A quantitative evaluation has been carried out to compare the different model combinations integrated into TALOS. This evaluation is based on five key metrics that assess the system's performance on detection and segmentation results, yielding an average final score. Additionally, the average execution time is reported for each tested pipeline configuration.
Specifically, six possible TALOS model combinations were evaluated and their results compared against the ground truth of the LVIS dataset, which provides detailed object instance annotations and segmentation masks. The LVIS data was carefully adapted to match the TALOS output format for direct comparison. A random subset of 1,000 images was processed by TALOS, and the semantic instance segmentation results were assessed using the following five metrics:
- Detection count: Measures the difference between the number of object detections produced by TALOS and the number of instances in the ground truth. The score is computed using a custom function, penalizing large discrepancies between detected and actual object counts.
- Label precision: Quantifies the proportion of semantic labels detected by TALOS that are also present in the ground truth, reflecting the accuracy in the assignment of object categories.
- Label recall: Measures the proportion of ground truth semantic labels that are correctly identified by TALOS, indicating the system’s ability to recover all relevant categories present in the image.
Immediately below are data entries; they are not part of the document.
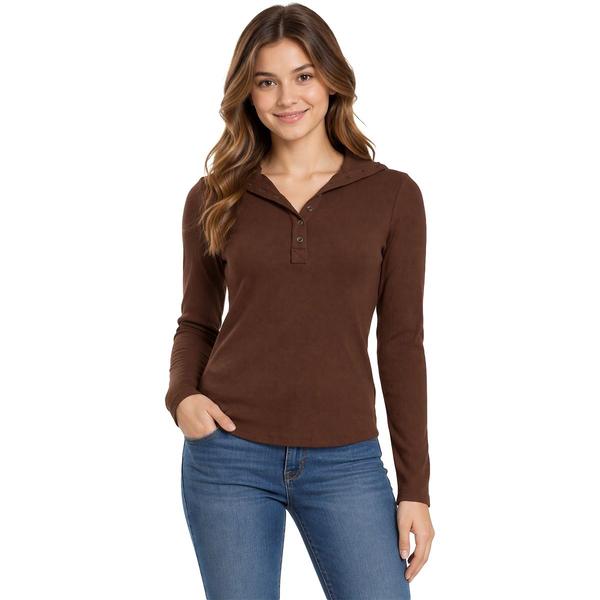 Juniors Wallflower Long Sleeve Manchester Henley Top- Coffee alternate view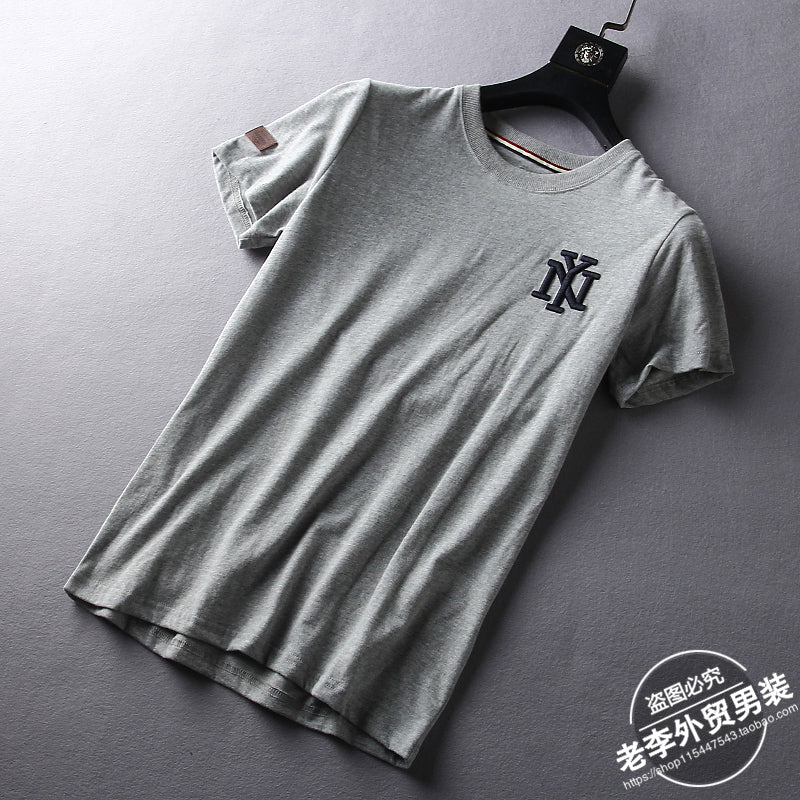 Importé - T-Shirt Hommes Décontractés Manches Courtes Brodé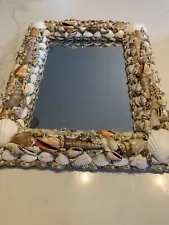 Mirror Natural Seashell Rectangular Beach Decor Just Beautiful 16” X 13”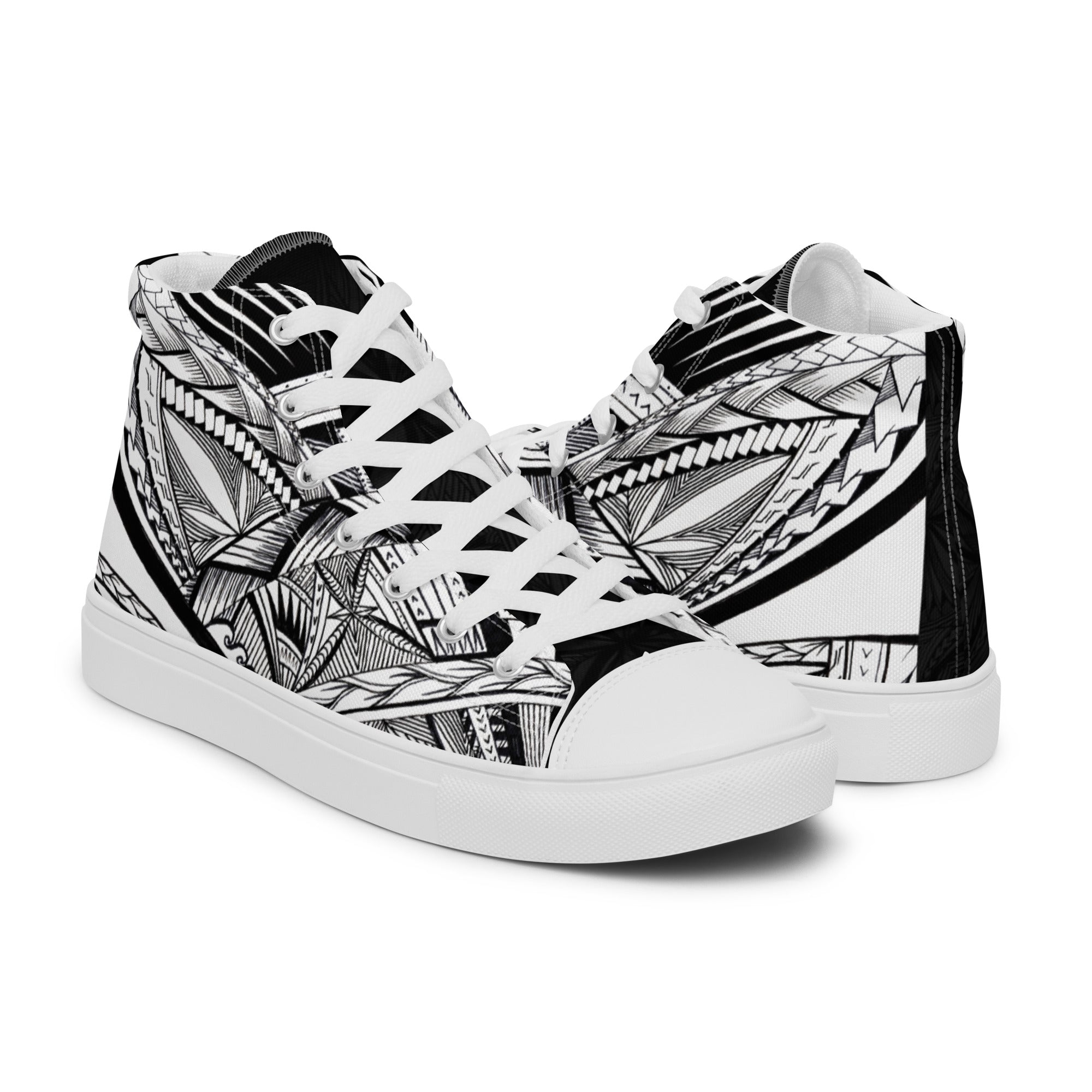 Samoan Black/White Men’s high top canvas shoes
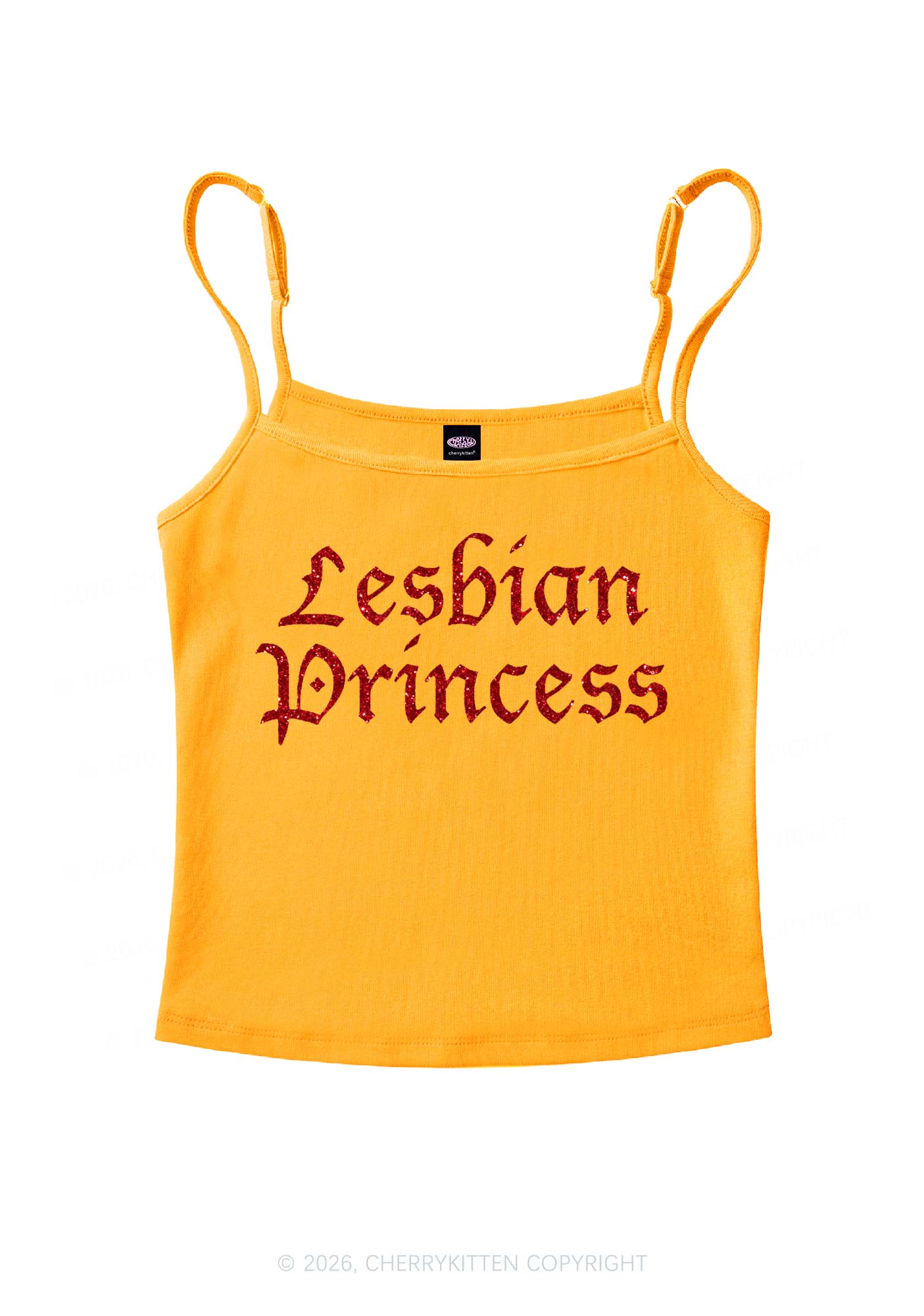 Glitter Lesbian Princess Pride Y2K Spaghetti Strap Cami Cherrykitten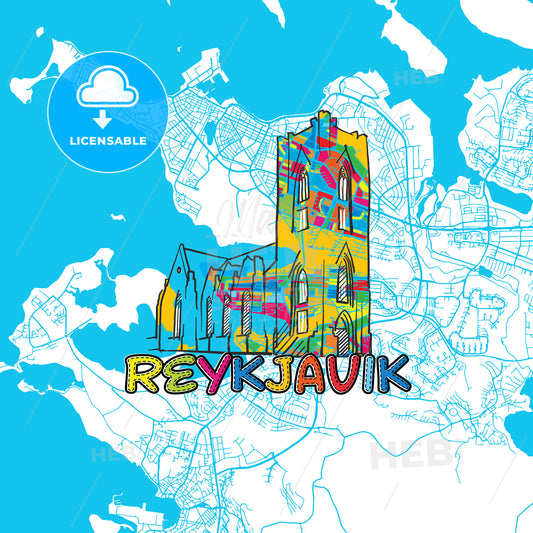 Reykjavik Travel Art Map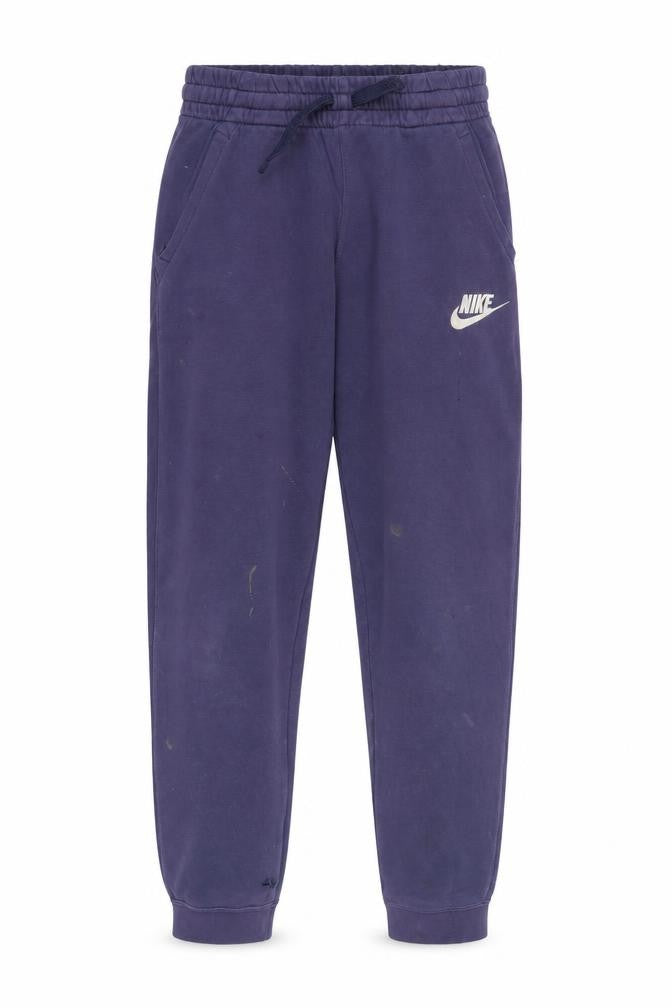 Front view of Nike boys’ blue jogger trousers xl running casual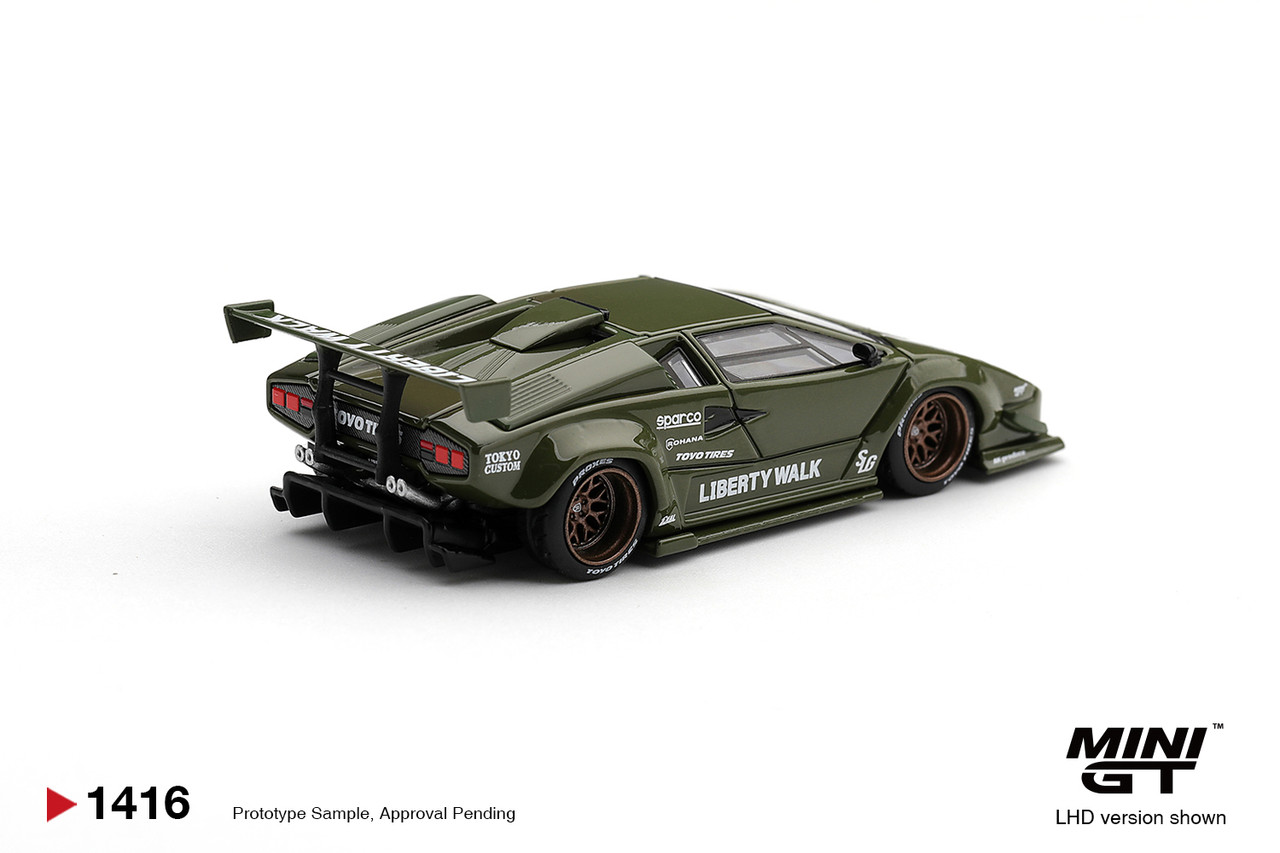 1/64 Mini GT Lamborghini Countach LB-WORKS (Army Green) Diecast Car Model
- Bbox similarity: Assesses the localization quality of detected bounding boxes for matched labels, using the Intersection over Union (IoU) metric between predicted and ground truth boxes.
- Mask similarity: Evaluates the quality of the binary segmentation masks for matched bounding boxes, again using the IoU metric to compare predicted and ground truth masks.
The average final score is computed as the mean of the five previous metrics. Additionally, the average inference time per pipeline configuration is reported.
Please note that only the Tagging models are shown in the evaluation results, as the Location stage for every case was performed using Grounding DINO, and the Segmentation stage was performed using SAM2 (Segment Anything Model 2).
| TAGGING MODEL(S) | Detection count | Label precision | Label recall | BBox sim. | Mask sim. | Avg final score | Avg exec. time (s) |
|---|---|---|---|---|---|---|---|
| MiniCPM | 68.88 | 40.88 | 41.92 | 75.26 | 71.09 | 59.61 | 1.63 |
| Gemma | 58.80 | 30.79 | 58.73 | 75.43 | 71.99 | 59.15 | 8.11 |
| Qwen | 58.01 | 29.78 | 59.73 | 74.90 | 72.02 | 58.89 | 4.18 |
| MiniCPM + MiniCPM | 65.34 | 27.65 | 47.08 | 74.68 | 72.28 | 57.41 | 2.68 |
| LLaVA + MiniCPM | 64.92 | 28.60 | 43.58 | 74.78 | 70.88 | 56.55 | 5.63 |
| RAM Plus | 66.22 | 26.32 | 49.50 | 71.15 | 68.86 | 56.41 | 0.63 |